En el buque de la Armada Murature fue llevado por el Paraná hacia Buenos Aires. Una parada de rigor fue en la Vuelta de Obligado, escenario del emblemático combate contra ingleses y franceses.
El 1 de octubre llegó al puerto de Buenos Aires y un multitudinario cortejo de jinetes vestidos a la usanza federal acompañó el féretro a su destino final, la bóveda de los Ortiz de Rozas en el cementerio de La Recoleta.

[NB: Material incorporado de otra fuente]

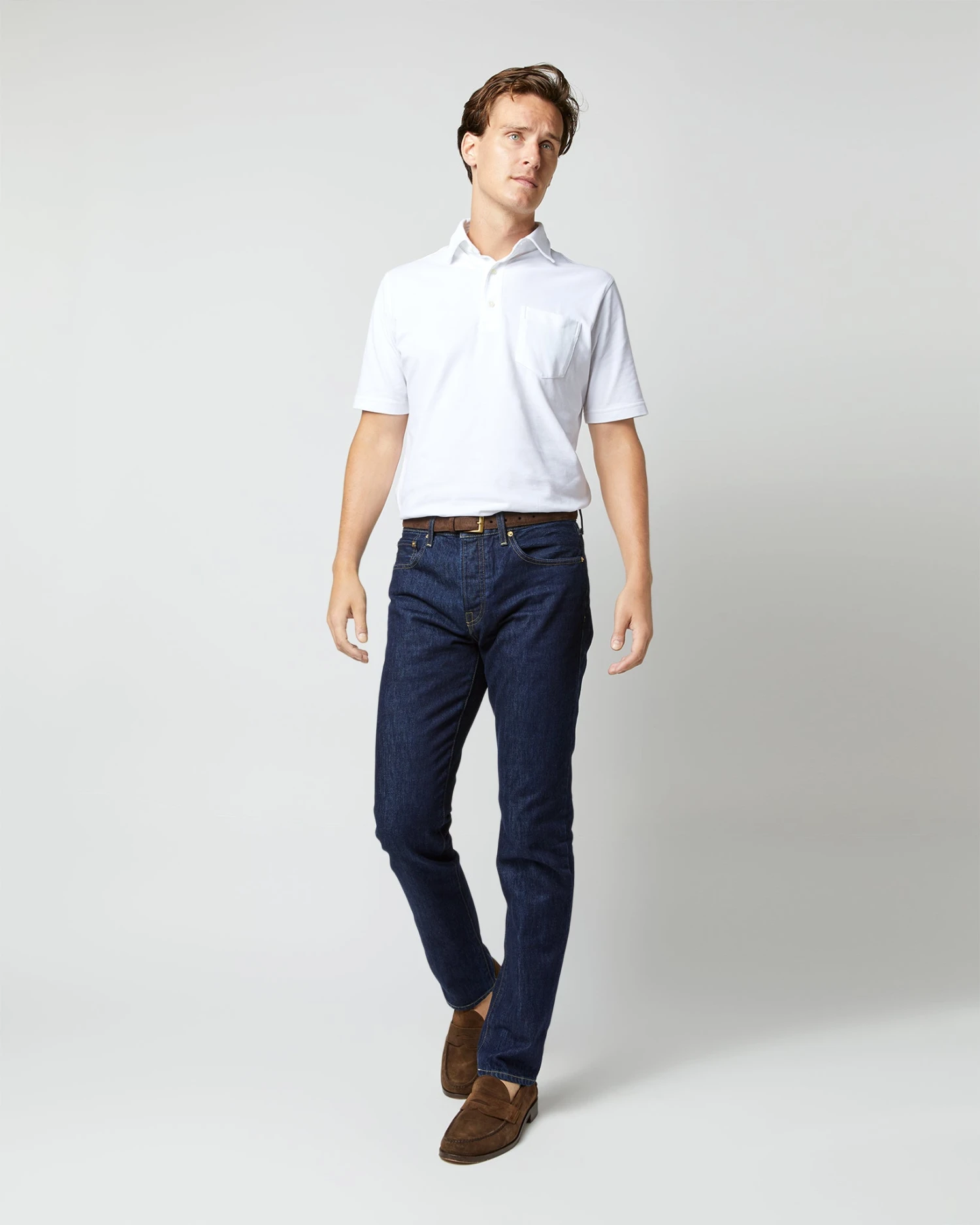 Short-Sleeved Polo In White Pima Pique 4 Short-Sleeved Polo In White Pima Pique - Image 4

No se cumplió la premonición de José Mármol de que “ni el polvo de sus huesos esta tierra tendrá”. En noviembre de ese año se inauguró un monumento con su figura que mira fijo al busto de su acérrimo opositor, Sarmiento, levantado en medio de lo que era su caserón en Palermo. Y el ya viejo billete de veinte pesos llevó el rostro de ese anciano ermitaño, que vestía como gaucho y que se quejaba que sus hijos lo habían abandonado.